Body Bags is presented on Blu-ray courtesy of Scream Factory, an imprint of Shout! Factory, with an AVC encoded 1080p transfer in 1.78:1 (more about that in a moment). The elements used for this transfer are in really good shape, with only a few very minor (almost imperceptible) specks showing up occasionally. Colors are beautifully saturated and there is a natural, though largely unobtrusive, layer of grain in evidence. Fine detail is exceptional in close-ups (see screenshots 1, 4 and 18 for good examples). While things generally look quite sharp and well detailed throughout the three films, some of the interstitial elements starring Carpenter as the Coroner are just a tad on the soft side, a situation exacerbated somewhat by the cool blue light bathing the morgue (see screenshot 19). Black levels are extremely solid, especially in The Gas Station, where the jet black night sky makes for an effectively creepy backdrop. On the whole, this is yet another great looking Carpenter outing from Scream, and fans should be very well pleased.
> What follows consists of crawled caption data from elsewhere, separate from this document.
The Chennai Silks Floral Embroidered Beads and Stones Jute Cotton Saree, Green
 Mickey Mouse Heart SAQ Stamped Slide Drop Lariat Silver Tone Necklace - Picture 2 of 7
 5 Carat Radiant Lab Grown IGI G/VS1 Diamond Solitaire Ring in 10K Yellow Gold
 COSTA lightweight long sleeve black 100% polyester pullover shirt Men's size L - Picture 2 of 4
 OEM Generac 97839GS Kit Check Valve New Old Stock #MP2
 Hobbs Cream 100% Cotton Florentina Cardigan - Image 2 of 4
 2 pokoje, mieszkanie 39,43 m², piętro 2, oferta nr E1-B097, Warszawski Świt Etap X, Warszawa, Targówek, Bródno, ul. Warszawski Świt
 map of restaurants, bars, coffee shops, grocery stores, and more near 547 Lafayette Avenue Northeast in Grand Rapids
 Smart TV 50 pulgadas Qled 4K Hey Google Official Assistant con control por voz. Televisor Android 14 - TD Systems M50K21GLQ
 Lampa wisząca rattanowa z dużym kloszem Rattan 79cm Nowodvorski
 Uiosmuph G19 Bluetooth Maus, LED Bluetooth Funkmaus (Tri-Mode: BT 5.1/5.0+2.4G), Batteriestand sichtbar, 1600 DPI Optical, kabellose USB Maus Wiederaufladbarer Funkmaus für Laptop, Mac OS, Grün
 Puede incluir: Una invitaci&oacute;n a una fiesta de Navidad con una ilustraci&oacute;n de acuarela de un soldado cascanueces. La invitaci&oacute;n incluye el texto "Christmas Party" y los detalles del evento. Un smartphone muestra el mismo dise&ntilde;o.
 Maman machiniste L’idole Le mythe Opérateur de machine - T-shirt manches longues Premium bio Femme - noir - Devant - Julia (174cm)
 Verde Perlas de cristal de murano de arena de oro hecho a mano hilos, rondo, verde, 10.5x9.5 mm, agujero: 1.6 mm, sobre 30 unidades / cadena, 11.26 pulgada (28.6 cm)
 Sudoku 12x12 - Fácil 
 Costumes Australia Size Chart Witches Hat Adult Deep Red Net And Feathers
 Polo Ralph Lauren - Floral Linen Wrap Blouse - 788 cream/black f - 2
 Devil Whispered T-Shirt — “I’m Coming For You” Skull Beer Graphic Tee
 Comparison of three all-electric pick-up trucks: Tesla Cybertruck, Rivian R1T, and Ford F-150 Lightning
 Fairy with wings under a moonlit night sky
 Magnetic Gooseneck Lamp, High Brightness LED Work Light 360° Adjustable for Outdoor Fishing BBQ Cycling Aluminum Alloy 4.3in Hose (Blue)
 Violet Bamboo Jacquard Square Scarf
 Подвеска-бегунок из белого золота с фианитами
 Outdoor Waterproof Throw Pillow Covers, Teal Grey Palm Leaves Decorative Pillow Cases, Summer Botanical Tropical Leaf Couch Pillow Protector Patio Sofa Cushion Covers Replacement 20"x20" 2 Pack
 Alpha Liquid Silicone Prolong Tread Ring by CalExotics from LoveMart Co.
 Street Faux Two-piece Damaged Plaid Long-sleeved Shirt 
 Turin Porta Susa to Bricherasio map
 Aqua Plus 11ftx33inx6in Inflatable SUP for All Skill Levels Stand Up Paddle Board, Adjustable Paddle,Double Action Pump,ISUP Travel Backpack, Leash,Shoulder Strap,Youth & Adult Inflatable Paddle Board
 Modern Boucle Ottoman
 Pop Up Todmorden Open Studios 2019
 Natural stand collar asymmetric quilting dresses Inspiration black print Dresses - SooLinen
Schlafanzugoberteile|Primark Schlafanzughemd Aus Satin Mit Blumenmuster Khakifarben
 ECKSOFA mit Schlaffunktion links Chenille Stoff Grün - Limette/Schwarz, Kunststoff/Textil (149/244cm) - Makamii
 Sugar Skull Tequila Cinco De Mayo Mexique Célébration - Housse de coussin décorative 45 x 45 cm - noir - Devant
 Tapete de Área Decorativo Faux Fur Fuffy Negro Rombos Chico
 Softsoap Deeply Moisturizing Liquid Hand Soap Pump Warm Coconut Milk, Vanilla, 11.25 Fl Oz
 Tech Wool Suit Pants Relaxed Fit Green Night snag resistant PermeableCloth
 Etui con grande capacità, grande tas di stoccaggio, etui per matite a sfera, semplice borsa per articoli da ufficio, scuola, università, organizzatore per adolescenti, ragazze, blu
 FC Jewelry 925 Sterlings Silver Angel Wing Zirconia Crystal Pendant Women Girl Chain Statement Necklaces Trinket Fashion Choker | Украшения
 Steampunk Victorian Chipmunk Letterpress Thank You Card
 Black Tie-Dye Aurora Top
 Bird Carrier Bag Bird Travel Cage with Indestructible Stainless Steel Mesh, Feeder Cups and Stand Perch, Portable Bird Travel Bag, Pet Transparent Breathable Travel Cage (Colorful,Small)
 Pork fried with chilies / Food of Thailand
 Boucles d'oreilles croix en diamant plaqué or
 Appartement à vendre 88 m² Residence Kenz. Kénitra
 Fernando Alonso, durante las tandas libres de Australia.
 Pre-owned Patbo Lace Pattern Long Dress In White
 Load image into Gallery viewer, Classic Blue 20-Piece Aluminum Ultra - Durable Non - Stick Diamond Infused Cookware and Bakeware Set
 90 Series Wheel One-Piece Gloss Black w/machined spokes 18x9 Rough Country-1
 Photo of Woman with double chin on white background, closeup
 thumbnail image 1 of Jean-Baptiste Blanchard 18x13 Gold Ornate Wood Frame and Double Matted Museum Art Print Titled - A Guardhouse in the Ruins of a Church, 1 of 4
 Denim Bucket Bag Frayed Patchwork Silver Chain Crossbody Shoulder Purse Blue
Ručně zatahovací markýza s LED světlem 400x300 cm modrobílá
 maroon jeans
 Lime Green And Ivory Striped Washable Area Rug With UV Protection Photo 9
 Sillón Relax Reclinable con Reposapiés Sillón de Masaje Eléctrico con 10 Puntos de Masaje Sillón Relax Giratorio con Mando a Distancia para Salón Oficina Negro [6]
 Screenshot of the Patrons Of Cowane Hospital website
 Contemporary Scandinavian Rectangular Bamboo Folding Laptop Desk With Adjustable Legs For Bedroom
In terms of the aspect ratio, fans of Body Bags will know that the television version of course aired in a 1.33:1 aspect ratio. There has sometimes been confusion about the morphing of 1.33:1 to 1.78:1 (and vice versa) and there is a passing reference to the framing issues during one portion of the commentary. Though the comments are somewhat ambiguous, it sounded to me like this was filmed with both aspect ratios being kept in mind (it's mentioned that they were trying to keep especially gruesome information out of the frame no matter which aspect ratio was utilized, which is kind of funny, considering what's left) in the so-called open matte technique which was popular before the advent of flatscreen televisions and the popularization of the 1.78:1 aspect ratio. While that obviously means there will still be less information at the top and bottom of the frame and more at the sides than in the original television version, it doesn't necessarily mean that the 1.78:1 aspect ratio is "wrong", and there are certainly no framing issue problems per se here to report.


Body Bags Blu-ray Movie, Audio Quality  4.0 of 5

Body Bags features both a DTS-HD Master Audio 2.0 and DTS-HD Master Audio 5.1 mix. The 5.1 mix isn't really overly showy in terms of its surround activity, limiting immersion mostly to the sometimes creepy score (co-written of course by Carpenter) and some good foley effects. There is significant boost in the low end on the 5.1 mix, which really helps some of the "startle" effects like the great cue that accompanies Craven's sudden entrance in The Gas Station. Dialogue is very cleanly presented and both tracks offer excellent fidelity, though the 2.0 track is mixed at a noticeably less aggressive overall amplitude than the 5.1 track.


Body Bags Blu-ray Movie, Special Features and Extras  2.0 of 5

  • Unzipping Body Bags: Featurette with Cast and Crew Interviews (1080p; 20:08) is a fun and informative piece with Carpenter and his wife Sandy King (who co-produced), as well as some cast members like Carradine and Keach, discussing the genesis, shoot and legacy of Body Bags.

  • Trailer (1080p; 1:20)

  • Audio Commentary with Director John Carpenter, Producer Sandy King, and Actors Stacy Keach and Robert Carradine. These commentaries were evidently recorded separately, since Carpenter mentions having already done the Keach segment during the Carradine segment. Carpenter hosts the first two segments, getting some good reminiscences out of his two stars (the banter between Carradine and Carpenter is especially enjoyable). Justin Beahm hosts producer Sandy King on the third segment.


Body Bags Blu-ray Movie, Overall Score and Recommendation  4.0 of 5

Body Bags isn't especially innovative, and in fact the interstitials featuring Carpenter, while a lot of fun, are obviously extremely derivative of Tales from the Crypt. But all three of these segments have something to offer, and all three feature some nice creepy moments. It's also fun to play "spot the star", as there a number of nice cameos sprinkled throughout the three segments (not all of which have been mentioned above). This Blu-ray may not have the overwhelming number of fantastic supplements that Shout! has included on some other releases, but both video and audio quality are excellent, and this release comes Recommended.